Il Kordofan è ormai il nuovo epicentro del conflitto, con combattimenti intensi che coinvolgono città chiave come Babnusa, Kadugli e Dilling. Le RSF hanno imposto assedi serrati, mentre le SAF hanno intensificato le campagne aeree, spesso impiegando droni con effetti devastanti. Un raid su una scuola materna e un ospedale a Kalogi, nel Kordofan Meridionale, ha provocato la morte di almeno 116 persone, tra cui 46 bambini, segnando un tragico episodio della guerra. Inoltre, un attacco a una base logistica delle Nazioni Unite a Kadugli ha causato la morte di sei peacekeeper bangladesi, definito dal Segretario Generale Antonio Guterres come potenziale crimine di guerra.
L’accesso a el-Fasher, capitale del Darfur, è stato concesso per la prima volta a una squadra ONU dopo la sua caduta a ottobre. La città è stata descritta come una vera e propria “scena del crimine”, con evidenze di una campagna sistematica delle RSF per distruggere prove di atrocità, inclusi incendi di corpi e uccisioni di massa.
Collasso umanitario in Sudan
Le condizioni umanitarie in Sudan hanno raggiunto un livello critico. Le Nazioni Unite hanno annunciato un dimezzamento del loro appello per il 2026, riducendo i fondi disponibili a 23 miliardi di dollari a causa della stanchezza dei donatori. Il Programma Alimentare Mondiale ha avvertito che a partire da gennaio dovrà ridurre le razioni alimentari del 70%, mettendo a rischio milioni di persone già sull’orlo della fame.
L’International Rescue Committee ha inserito il Sudan al vertice della sua lista di emergenze per il 2026, sottolineando come la combinazione di conflitto, collasso economico e drastica diminuzione del supporto internazionale rappresenti una minaccia senza precedenti. Nel frattempo, la violenza sessuale continua a essere impiegata come arma di guerra: un rapporto della Strategic Initiative for Women in the Horn of Africa ha documentato quasi 1.300 casi, attribuiti per l’87% alle RSF, con gruppi non-arabi particolarmente colpiti.
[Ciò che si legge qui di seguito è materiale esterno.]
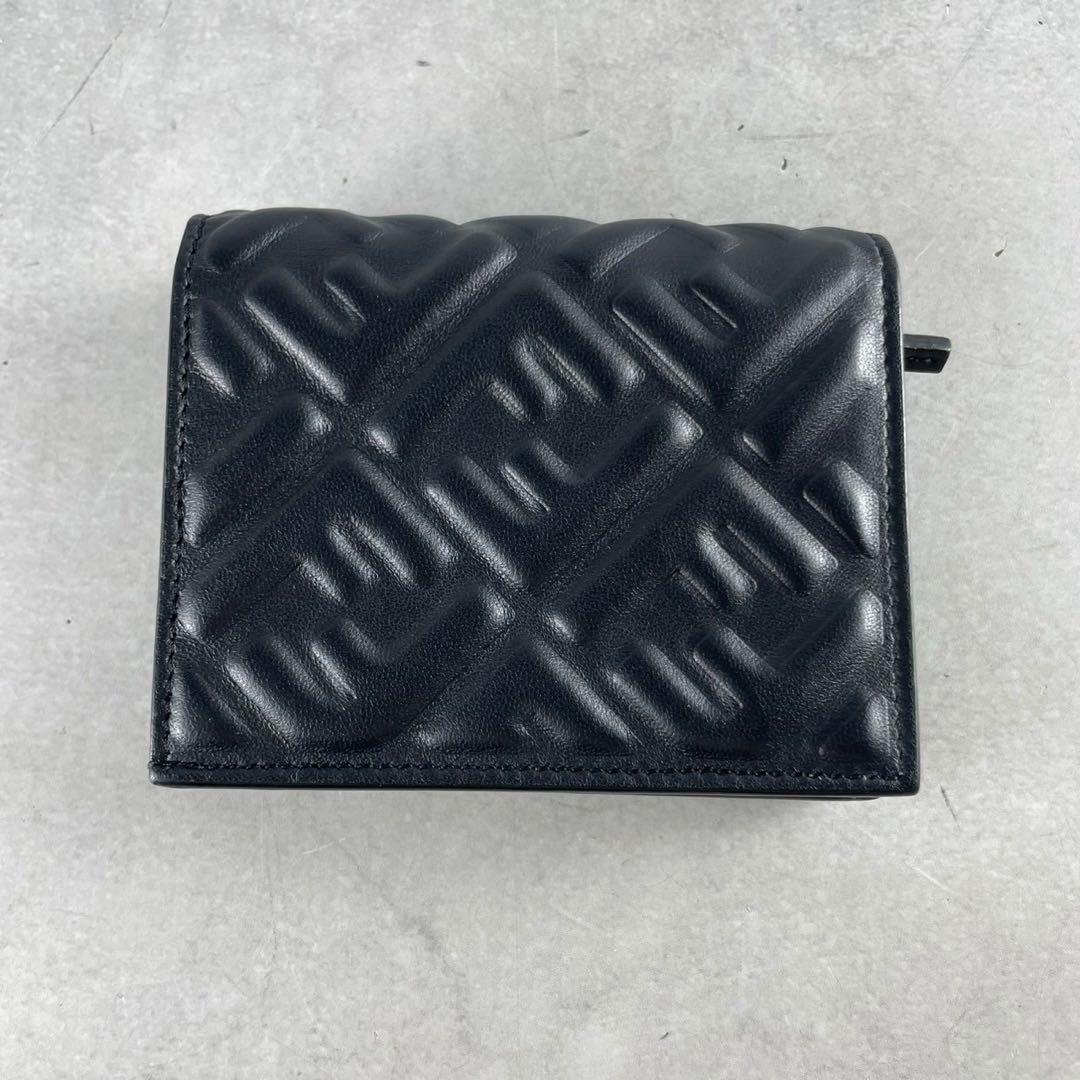 【極美品】フェンディ 折り財布 バケット エンボス 金具 ロゴ 総柄 レザー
La situazione sanitaria è disastrosa: UNICEF segnala che il 53% dei bambini esaminati nel Darfur Settentrionale soffre di malnutrizione acuta, e a Khartoum il 97% delle famiglie affronta carenze alimentari. Le autorità locali hanno iniziato a riesumare corpi da fosse improvvisate per trasferirli in cimiteri ufficiali, mentre l’Unione Europea ha lanciato un’operazione di “ponte aereo” per consegnare aiuti vitali nelle zone più isolate del Darfur, definito “uno dei luoghi più difficili da raggiungere al mondo”.
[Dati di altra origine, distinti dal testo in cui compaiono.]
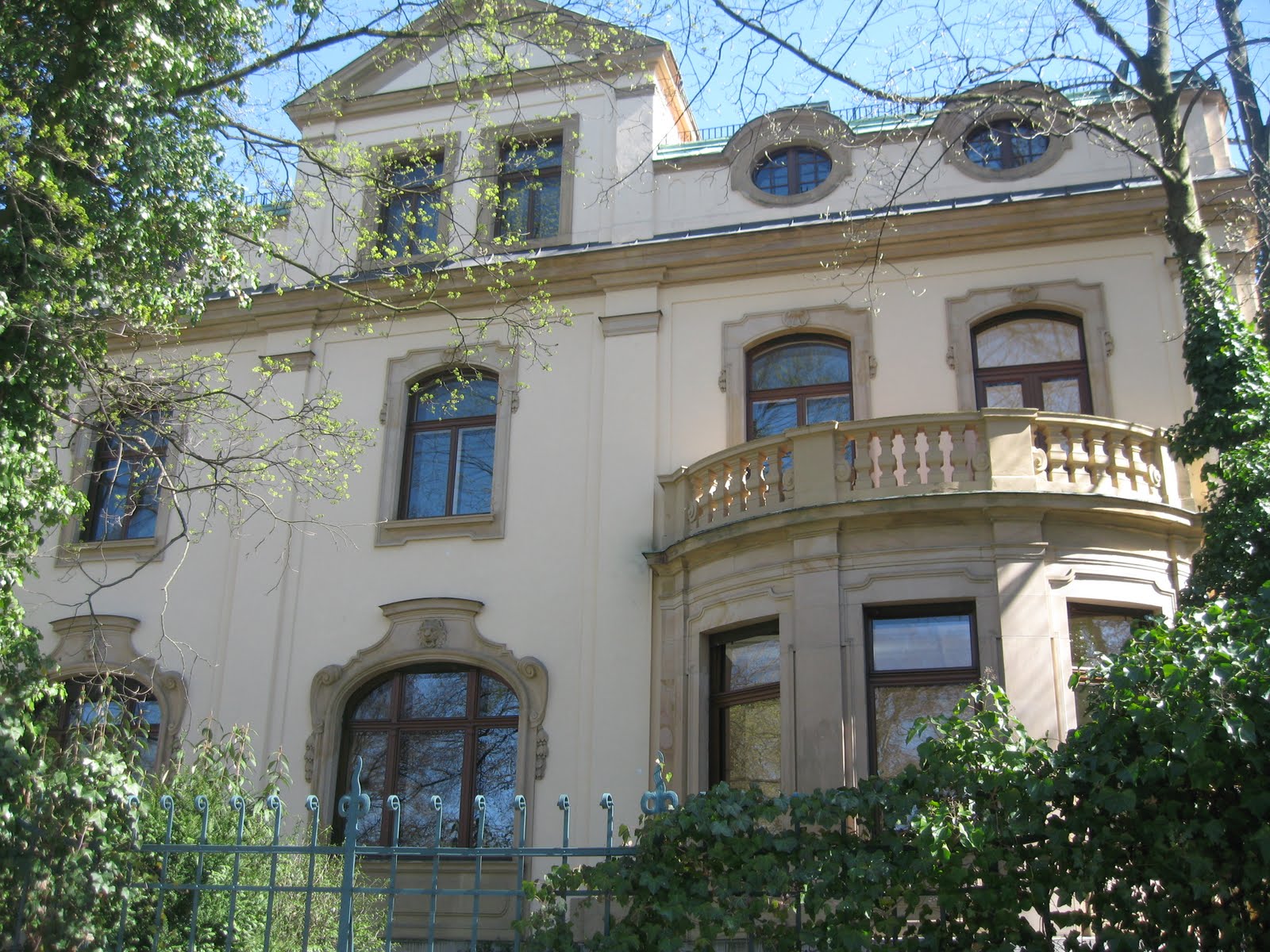 Haus Design Munich Mansions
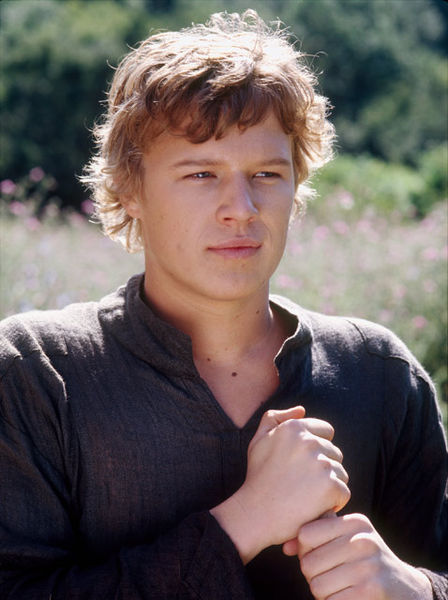 File:Austin Goodman Simple.jpg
Dinamiche politiche e diplomatiche
Sul fronte diplomatico, le tensioni restano altissime. Il Primo Ministro Kamil Idris ha presentato al Consiglio di Sicurezza ONU un piano di pace che prevede il ritiro e lo smantellamento delle RSF, ma questa proposta è stata respinta come una “fantasia” dai leader delle Forze di Supporto Rapido. Il capo delle SAF, Abdel Fattah al-Burhan, ha rifiutato ogni compromesso, dichiarando che il conflitto si concluderà solo con la resa e lo smantellamento delle RSF.
Nel frattempo, a Nairobi, una nuova coalizione civile anti-guerra ha visto la luce, con la firma di un accordo da parte di esponenti civili tra cui l’ex premier Abdalla Hamdok e il leader ribelle Abdelwahid al-Nur, che cercano di riappropriarsi della direzione politica del paese sottraendola ai generali in conflitto.
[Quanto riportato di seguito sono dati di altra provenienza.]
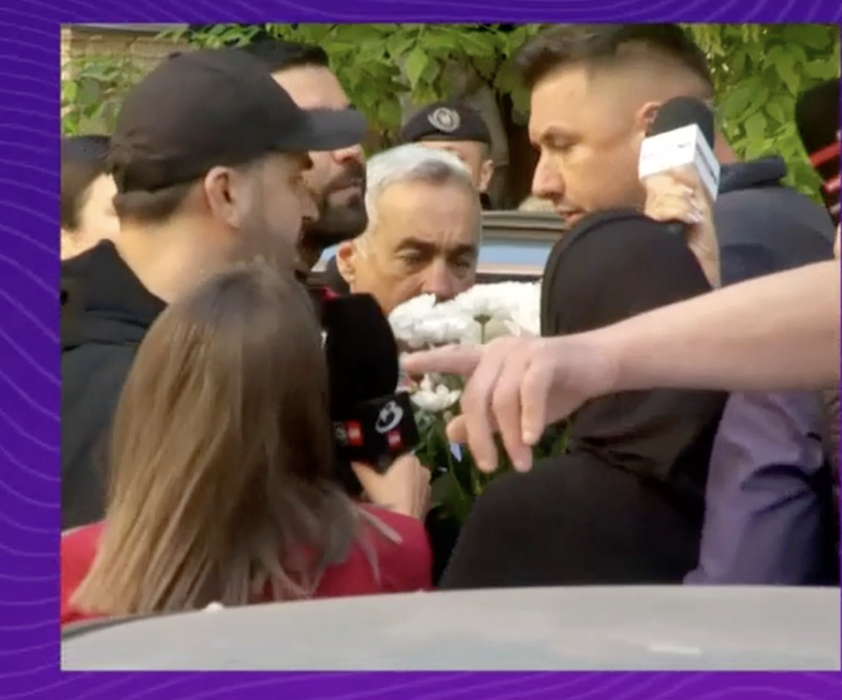 Cum a apărut Călin Georgescu azi în fața Poliției? Gestul față de o bătrână i-a sensibilizat pe toți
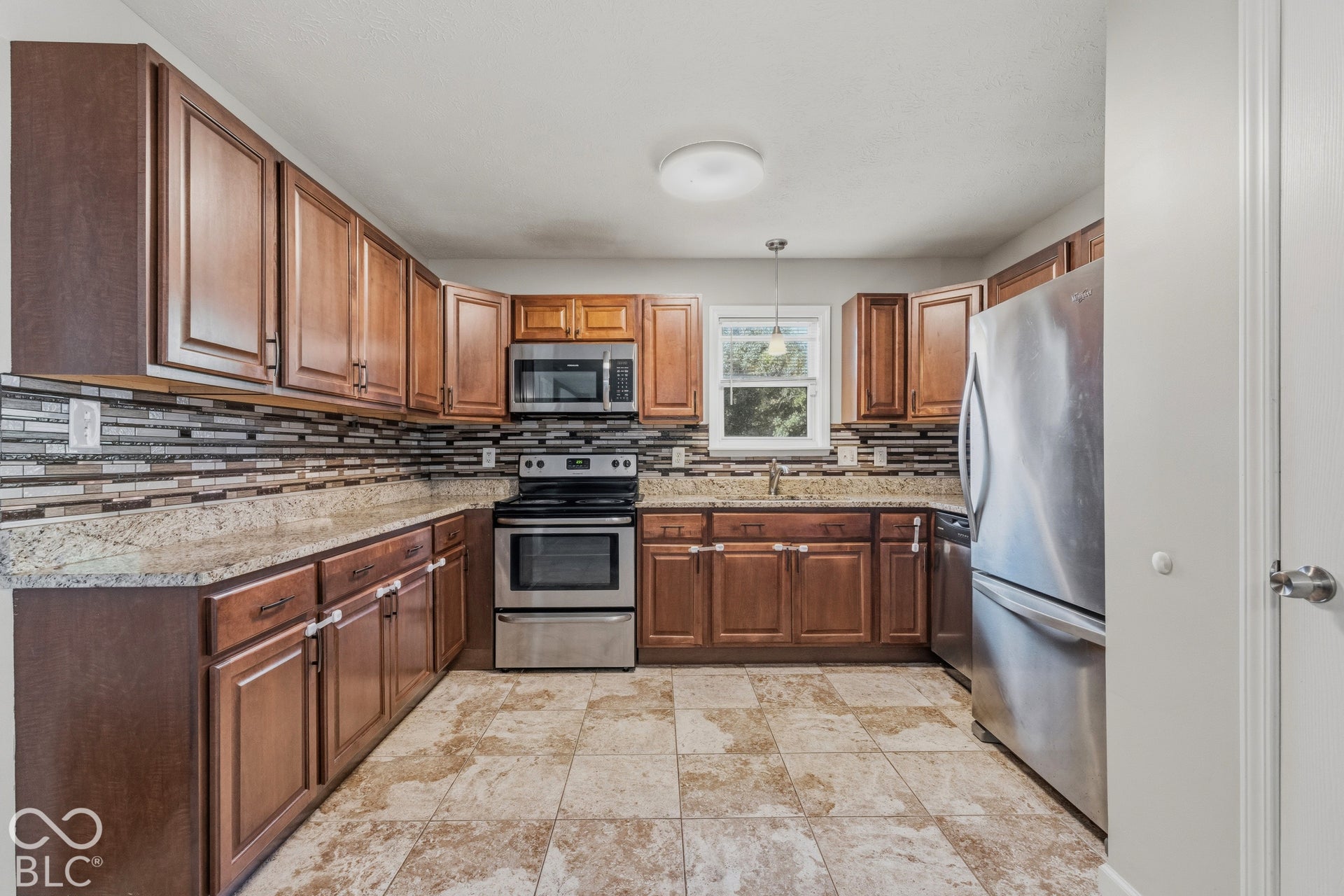 6533 Crandall Circle, Indianapolis, IN 46260
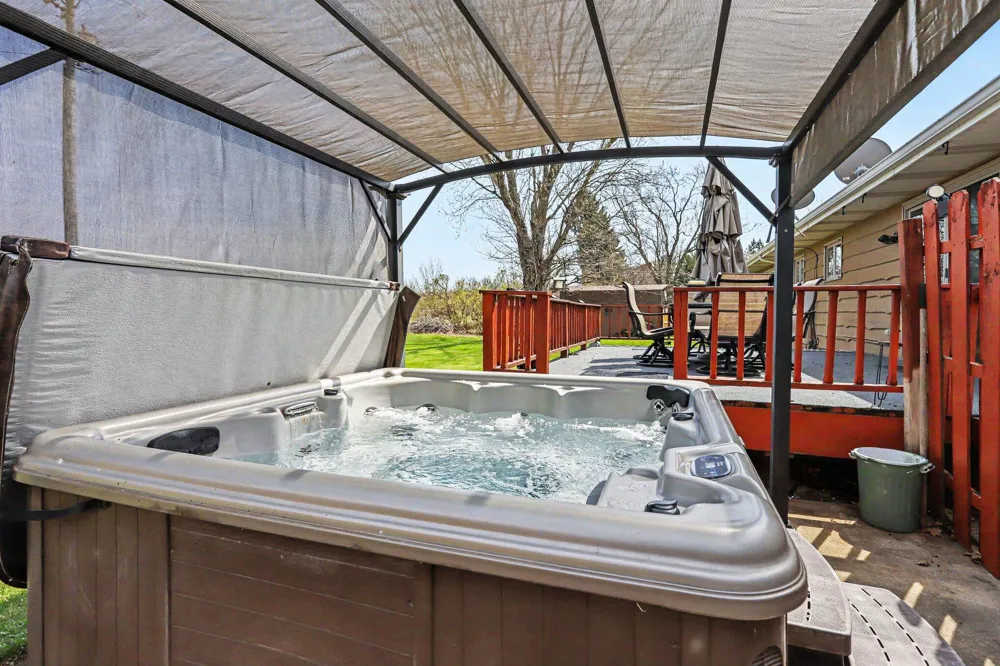 55019 Fisher Lake Road Three Rivers, MI 49093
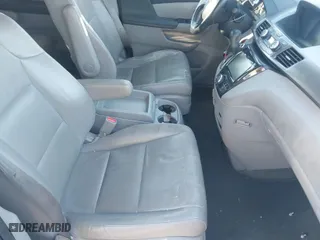 2014 Honda Odyssey Touring with VIN 5FNRL5H98EB102430, listed as a IAAI auction lot 41683822 with 185,802 mi miles. Bid and sale history available at carsss.com. Image 5.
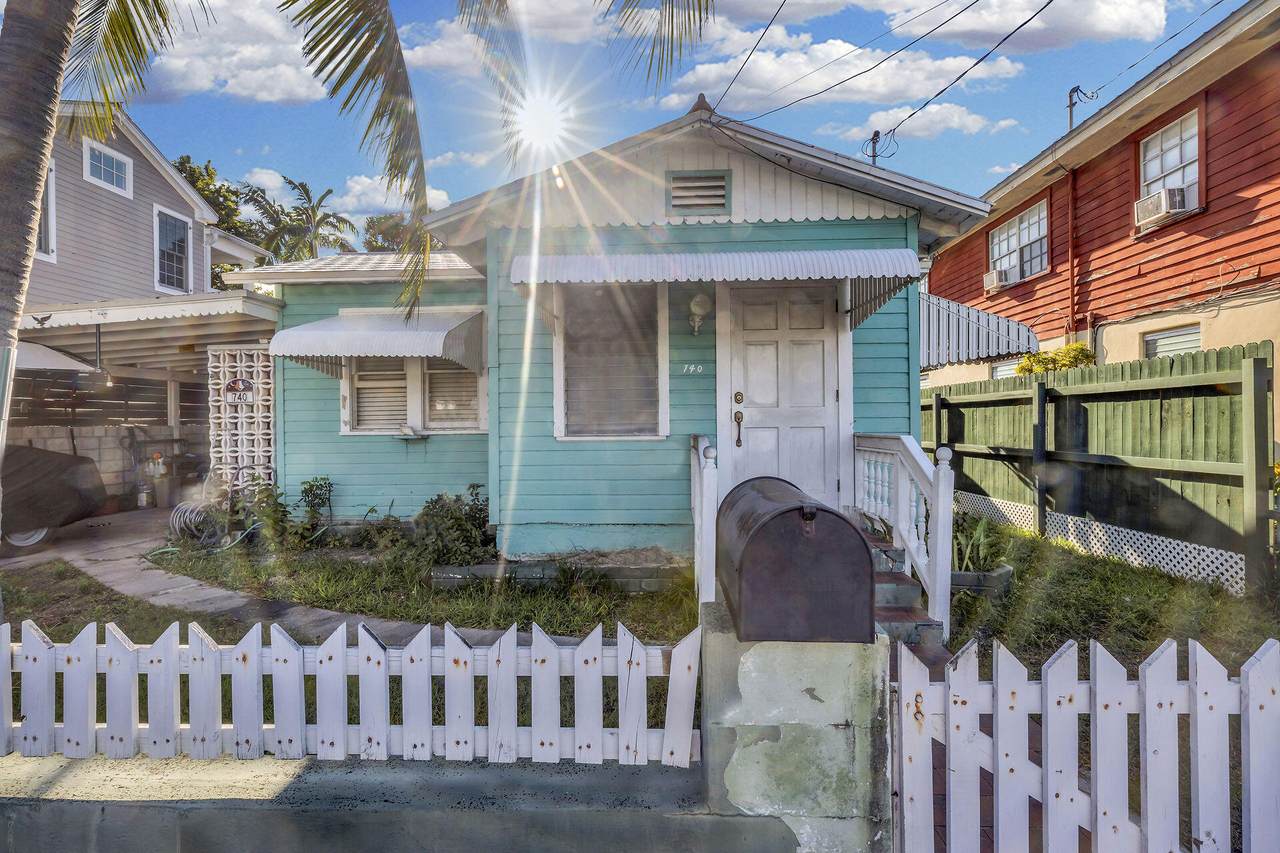 740 Amelia Street - Photo 1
Gli Stati Uniti, attraverso il Segretario di Stato Marco Rubio, hanno intensificato la pressione diplomatica, con il coinvolgimento diretto del presidente Donald Trump. Il Dipartimento del Tesoro americano ha imposto sanzioni a quattro cittadini colombiani e a diverse società accusate di reclutare mercenari per conto delle RSF.
Infine, la Corte Penale Internazionale ha emesso una sentenza storica condannando a 20 anni di carcere Ali Kushayb, ex comandante delle milizie Janjaweed, per crimini di guerra commessi durante il conflitto in Darfur tra il 2003 e il 2004, rappresentando la prima condanna di questo tipo per la regione.